You can protect your hardware and software with service contracts and insurance policies, but the only way to protect your data from catastrophe is by backing it up. When you consider tape backup solutions, you have a plethora of choices. However, sifting through them can be difficult and time-consuming.

In the past few years, vendors have increased the number of hard disks they install in workstations and servers. In the Windows NT Magazine Lab, we've seen workstations with five 9GB hard disks installed in a RAID configuration and servers with four times as many hard disks. Many tape manufacturers produce 8GB uncompressed tape drives; obviously, you need many of these tape drives to back up such large systems.

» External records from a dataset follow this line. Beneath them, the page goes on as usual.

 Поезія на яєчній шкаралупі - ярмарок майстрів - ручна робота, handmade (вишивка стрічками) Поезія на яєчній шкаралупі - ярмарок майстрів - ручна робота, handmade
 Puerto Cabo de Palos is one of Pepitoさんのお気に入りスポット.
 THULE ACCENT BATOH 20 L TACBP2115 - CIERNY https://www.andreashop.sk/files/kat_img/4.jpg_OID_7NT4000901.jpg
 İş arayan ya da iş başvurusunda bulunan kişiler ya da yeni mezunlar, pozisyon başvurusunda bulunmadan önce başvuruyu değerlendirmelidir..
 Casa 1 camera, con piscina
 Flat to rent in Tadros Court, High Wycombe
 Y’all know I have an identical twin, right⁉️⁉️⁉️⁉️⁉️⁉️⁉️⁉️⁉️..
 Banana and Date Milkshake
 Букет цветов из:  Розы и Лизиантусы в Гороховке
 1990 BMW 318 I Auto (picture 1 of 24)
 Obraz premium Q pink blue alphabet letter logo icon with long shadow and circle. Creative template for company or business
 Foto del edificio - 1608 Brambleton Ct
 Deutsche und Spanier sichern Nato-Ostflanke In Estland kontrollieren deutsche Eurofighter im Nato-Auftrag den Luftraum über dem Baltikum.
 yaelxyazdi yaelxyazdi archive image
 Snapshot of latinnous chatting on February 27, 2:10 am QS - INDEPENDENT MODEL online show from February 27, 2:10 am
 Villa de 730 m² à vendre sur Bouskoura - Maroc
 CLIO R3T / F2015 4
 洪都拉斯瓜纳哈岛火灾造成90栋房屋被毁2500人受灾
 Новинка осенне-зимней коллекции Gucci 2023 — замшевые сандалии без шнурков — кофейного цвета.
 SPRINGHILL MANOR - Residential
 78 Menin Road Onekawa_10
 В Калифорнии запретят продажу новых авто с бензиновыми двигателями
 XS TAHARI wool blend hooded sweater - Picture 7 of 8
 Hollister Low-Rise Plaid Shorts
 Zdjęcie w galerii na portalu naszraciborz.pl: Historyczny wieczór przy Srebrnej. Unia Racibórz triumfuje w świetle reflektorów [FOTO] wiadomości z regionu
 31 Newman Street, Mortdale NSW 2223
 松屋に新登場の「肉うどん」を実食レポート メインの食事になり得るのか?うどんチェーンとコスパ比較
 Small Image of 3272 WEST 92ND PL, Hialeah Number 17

Windows NT server and workstation storage capacities continue to increase exponentially every year, so tape devices that can store more data on individual tapes are more important than ever before. Whether you work for a small to midsized company or a departmental workgroup within a large enterprise, you need to look at midrange tape backup solutions. If you back up between 20GB and 500GB of data regularly, you need a flexible, reliable, and scalable solution that fits your budget. If your primary need is blazing backup speed, and money is no object, you might consider a high-end system. Vendors optimize tape solutions in this category for high transfer rates, high access speed, and compatibility with robotic equipment. Typical transfer rates are several megabytes per second, and pricing for these drives starts at approximately $5000.

Looking for Mr. GoodTape
Factors to consider when you purchase a tape backup unit include the amount of data you need to back up, whether your backup software supports the unit, and the amount of money you want to spend. You also need to consider the value of your data: Put a price tag on your data and on the time you'd need to rebuild the data if you lost it. Be willing to spend as much money on a tape unit as you calculate your data to be worth.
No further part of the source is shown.